AIM OF THE TASK
Set down exactly the lines that run from the one containing "Portronics POR 343" to the end of the material below, both included, without pictures.

DATA EXTRACT
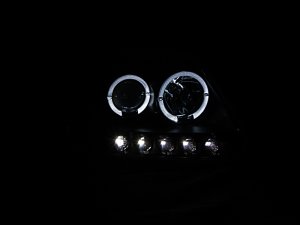 Ford F-150 Projector Headlights - ANZO - With Halo and LED - Black - `97-`03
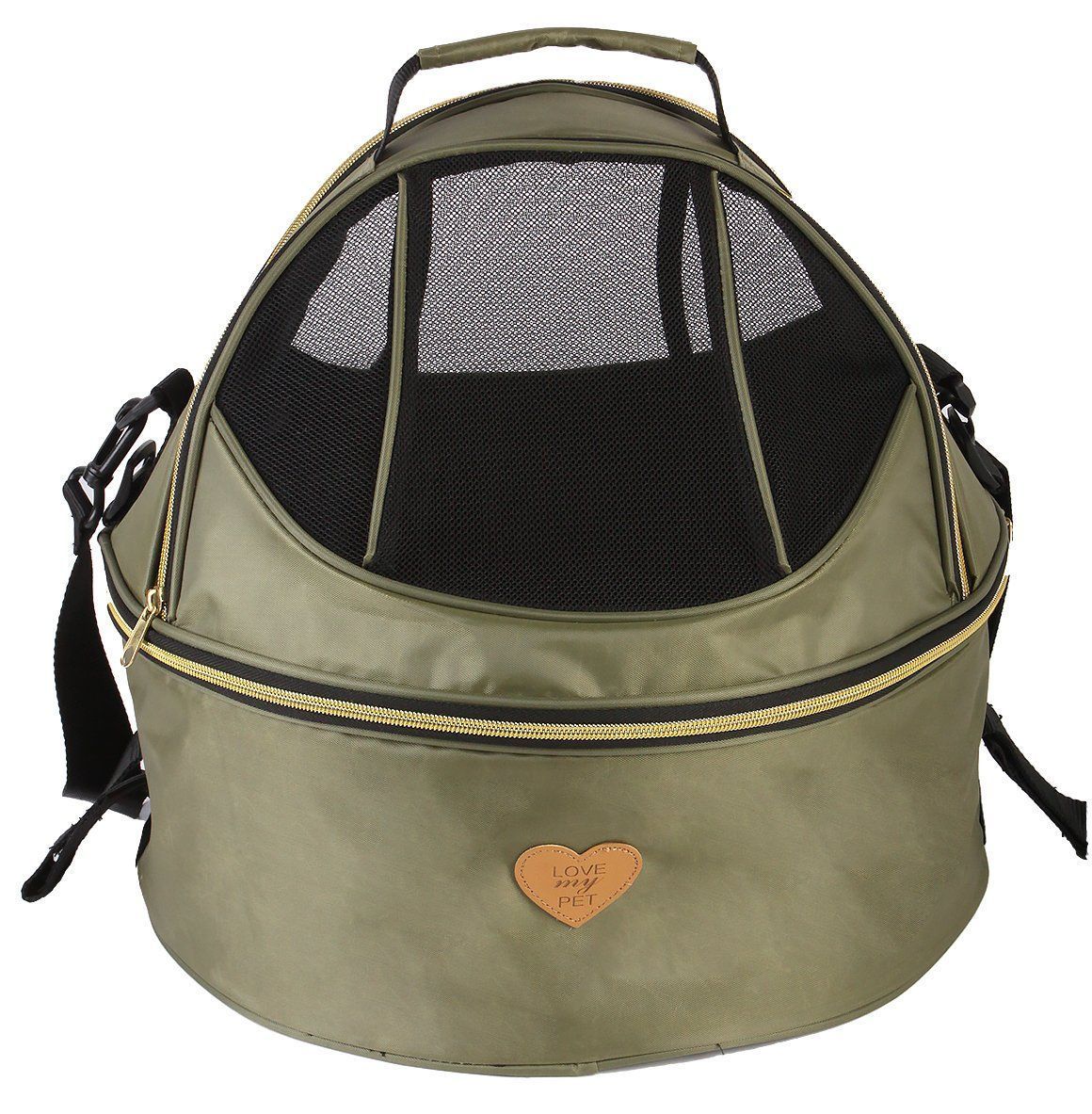 Olive green panoramic circular dog carrier with double zippers and front mesh viewing panels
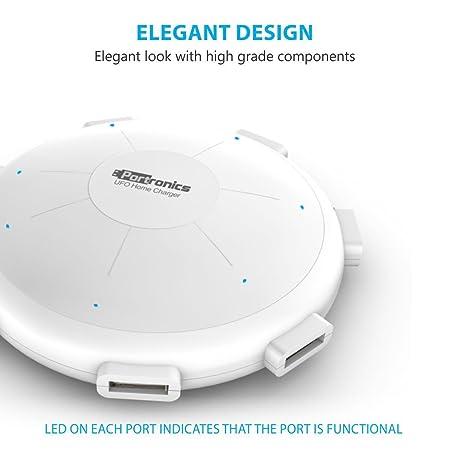 Portronics POR 343 UFO USB Home Charger 6 Ports 8A Charging Station for Smartphones and Tablets (White)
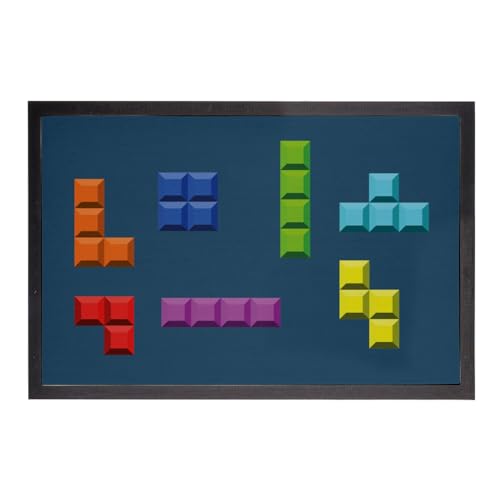 Paillasson bleu retro gaming arcade 60x40cm pour entree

ANSWER TO THE EXERCISE
 Portronics POR 343 UFO USB Home Charger 6 Ports 8A Charging Station for Smartphones and Tablets (White)
 Paillasson bleu retro gaming arcade 60x40cm pour entree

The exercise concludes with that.